朔も少し照れくさくなったのか、また咳払いをする。
「じゃあ、最後凪だな」
凪が姿勢を正す。
少し緊張したような表情を浮かべた。
朔は少し考えてから、言葉を選んで話す。
「凪は……物静かな奴だなと思ったな」
それから少し笑って、
「ここまで天然だとは思わなかった」
そう零す。
「え……?」
凪は意外そうな顔で朔を見た。
「てんねん……?」
「だから、お前はそれが天然なんだって!」
陽が凪を指差す。
少しだけムッとした表情で凪は陽を見る。
「陽に言われたくない」
「お前……それどういう意味だよ……」
陽は微妙な表情をした。
そこへ朔が割り込んでくる。
「お前ら、喧嘩をするな。

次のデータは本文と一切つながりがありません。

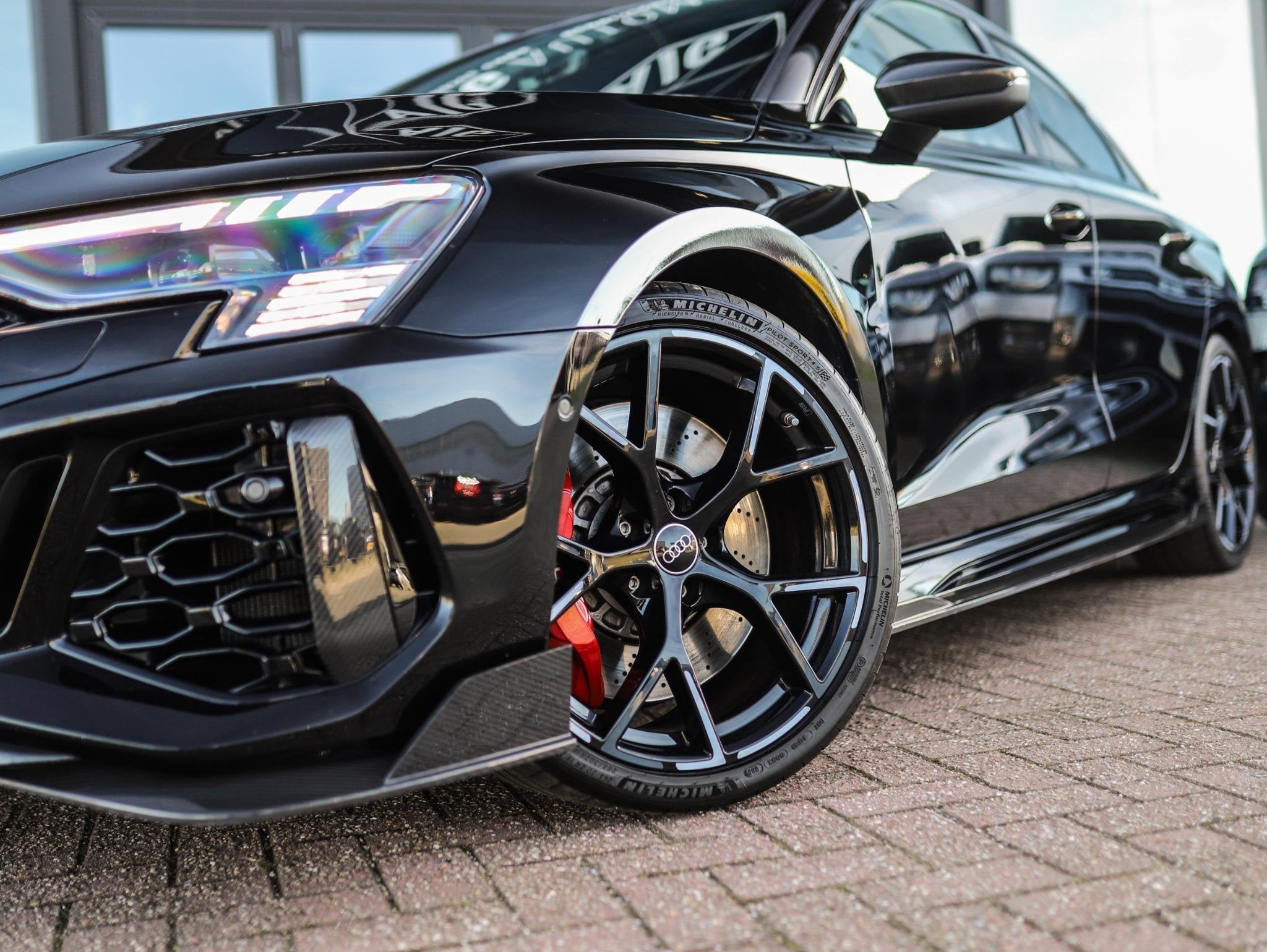 Audi RS 3 Limousine 2.5 TFSI A3 quattro | CT Carbon | RS-Dyn, Automaat, Gebruikt, RS3, Leder en Stof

陽、凪の第一印象」
「え……」
陽は目を逸らして、気まずそうにもじもじする。
「……凪、怒んなよ?」
「?怒んないよ」
「……ほんとに?」
確認する陽に凪は困ったように息を吐いた。
「怒んないって」
それでもまだ、躊躇するように陽は恐る恐る小声で言った。
「……可愛い子だなって思ったら、男でショックだった……」
凪の表情が一瞬固まる。
ぷっと吹き出すように笑ったのは、朔も奏もほぼ同時だった。
「お前……バカか?」
おかしそうに笑う奏を陽は睨んだ。
「だってさぁ……可愛かっただろ?中学生の凪」
そう言われて、奏は真顔に戻る。
「……いや、まぁ……うん……いや……」
否定も肯定もせず、奏は言葉に詰まる。
そこへ。
「陽?」
凪の鋭い声が飛ぶ。
「ふぇっ?」
陽が情けない声をあげて、凪を振り返る。
にこにこと笑った顔は有無を言わせない迫力があった。
「な、凪っ、お前、怒んないって……」
「怒ってないよ?」
被せ気味に答える。
「ね?怒ってないよ?奏?」
陽の次に視線を向けられ、奏はギクッとして顔を逸らす。
「俺は……なんも言ってねぇ……」
凪の唇の端がゆっくりと持ち上げられる。
「そうだね?まだなんにも言ってないね?俺の第一印象」
普段と違って少し圧のある凪に奏は押された。
「そ、そうだぞ!奏も言えよっ」
陽も必死に矛先を奏に向けさせようとする。
奏はテーブルに肘をついて、その上に顔を乗せる。
そっぽを向いたまま、目線だけを僅かに凪へ向けた。
「……天使」
「「は?」」
朔と陽の声が重なる。
凪は怒りも忘れたのか、驚いた表情で息を呑んだ。
「え……?」
「天使みてぇだと思ったんだよ、バカみてぇだけど」
ぶっきらぼうに返して奏はまた視線をずらした。
朔と陽は恐る恐る凪を見た。
圧ある笑みから、いつもの柔らかい笑みに変わっていた。
「……機嫌治ってら……」
陽が呟くと、凪は再び陽に視線を向ける。
「陽の俺への第一印象、よーく覚えたからね」
「ひぇっ」
陽は肝の冷える思いで身を縮こまらせた。
朔はなんとも言えない複雑な思いで溜め息を吐いて、資料をトントンと整えた。